Dataset excerpts
------------------------------------------------------------

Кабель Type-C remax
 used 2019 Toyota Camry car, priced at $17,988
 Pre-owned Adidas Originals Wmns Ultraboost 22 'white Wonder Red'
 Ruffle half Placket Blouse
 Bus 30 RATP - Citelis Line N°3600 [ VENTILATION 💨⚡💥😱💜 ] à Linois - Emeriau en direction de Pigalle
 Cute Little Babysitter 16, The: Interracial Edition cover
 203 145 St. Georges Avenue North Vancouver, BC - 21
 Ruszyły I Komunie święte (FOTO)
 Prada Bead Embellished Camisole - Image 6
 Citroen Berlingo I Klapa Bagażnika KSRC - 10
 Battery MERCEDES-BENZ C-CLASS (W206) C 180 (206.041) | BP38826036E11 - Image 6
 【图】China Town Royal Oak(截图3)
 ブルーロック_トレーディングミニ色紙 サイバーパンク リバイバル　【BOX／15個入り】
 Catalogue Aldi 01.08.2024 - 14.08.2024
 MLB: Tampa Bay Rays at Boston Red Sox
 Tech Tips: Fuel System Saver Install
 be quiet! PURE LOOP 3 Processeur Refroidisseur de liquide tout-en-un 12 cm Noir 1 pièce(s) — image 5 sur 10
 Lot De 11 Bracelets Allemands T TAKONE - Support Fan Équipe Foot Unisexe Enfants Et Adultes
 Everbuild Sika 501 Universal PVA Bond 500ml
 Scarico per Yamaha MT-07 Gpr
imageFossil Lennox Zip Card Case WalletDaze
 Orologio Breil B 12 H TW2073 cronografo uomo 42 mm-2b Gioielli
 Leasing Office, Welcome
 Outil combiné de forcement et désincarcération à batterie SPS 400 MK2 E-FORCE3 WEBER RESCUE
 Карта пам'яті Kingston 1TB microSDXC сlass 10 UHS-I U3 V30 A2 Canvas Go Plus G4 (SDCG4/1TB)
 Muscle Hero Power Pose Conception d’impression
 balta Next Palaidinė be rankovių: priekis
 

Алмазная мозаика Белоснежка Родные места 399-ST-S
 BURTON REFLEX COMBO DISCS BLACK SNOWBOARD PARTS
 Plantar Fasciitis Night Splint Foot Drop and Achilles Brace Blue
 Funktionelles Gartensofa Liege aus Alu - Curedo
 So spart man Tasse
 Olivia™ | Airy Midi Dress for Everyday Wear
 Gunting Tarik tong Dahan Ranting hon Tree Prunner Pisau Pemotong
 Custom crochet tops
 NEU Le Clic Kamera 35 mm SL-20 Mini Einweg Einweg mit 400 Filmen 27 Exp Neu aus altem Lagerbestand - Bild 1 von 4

------------------------------------------------------------

■ **YOUR INSTRUCTIONS**
Please reproduce exactly the lines above, beginning with the first and ending with the line that contains "Алмазная мозаика Белоснежка", and include nothing outside that range.

■ **YOUR RESPONSE**
Кабель Type-C remax
 used 2019 Toyota Camry car, priced at $17,988
 Pre-owned Adidas Originals Wmns Ultraboost 22 'white Wonder Red'
 Ruffle half Placket Blouse
 Bus 30 RATP - Citelis Line N°3600 [ VENTILATION 💨⚡💥😱💜 ] à Linois - Emeriau en direction de Pigalle
 Cute Little Babysitter 16, The: Interracial Edition cover
 203 145 St. Georges Avenue North Vancouver, BC - 21
 Ruszyły I Komunie święte (FOTO)
 Prada Bead Embellished Camisole - Image 6
 Citroen Berlingo I Klapa Bagażnika KSRC - 10
 Battery MERCEDES-BENZ C-CLASS (W206) C 180 (206.041) | BP38826036E11 - Image 6
 【图】China Town Royal Oak(截图3)
 ブルーロック_トレーディングミニ色紙 サイバーパンク リバイバル　【BOX／15個入り】
 Catalogue Aldi 01.08.2024 - 14.08.2024
 MLB: Tampa Bay Rays at Boston Red Sox
 Tech Tips: Fuel System Saver Install
 be quiet! PURE LOOP 3 Processeur Refroidisseur de liquide tout-en-un 12 cm Noir 1 pièce(s) — image 5 sur 10
 Lot De 11 Bracelets Allemands T TAKONE - Support Fan Équipe Foot Unisexe Enfants Et Adultes
 Everbuild Sika 501 Universal PVA Bond 500ml
 Scarico per Yamaha MT-07 Gpr
imageFossil Lennox Zip Card Case WalletDaze
 Orologio Breil B 12 H TW2073 cronografo uomo 42 mm-2b Gioielli
 Leasing Office, Welcome
 Outil combiné de forcement et désincarcération à batterie SPS 400 MK2 E-FORCE3 WEBER RESCUE
 Карта пам'яті Kingston 1TB microSDXC сlass 10 UHS-I U3 V30 A2 Canvas Go Plus G4 (SDCG4/1TB)
 Muscle Hero Power Pose Conception d’impression
 balta Next Palaidinė be rankovių: priekis
 

Алмазная мозаика Белоснежка Родные места 399-ST-S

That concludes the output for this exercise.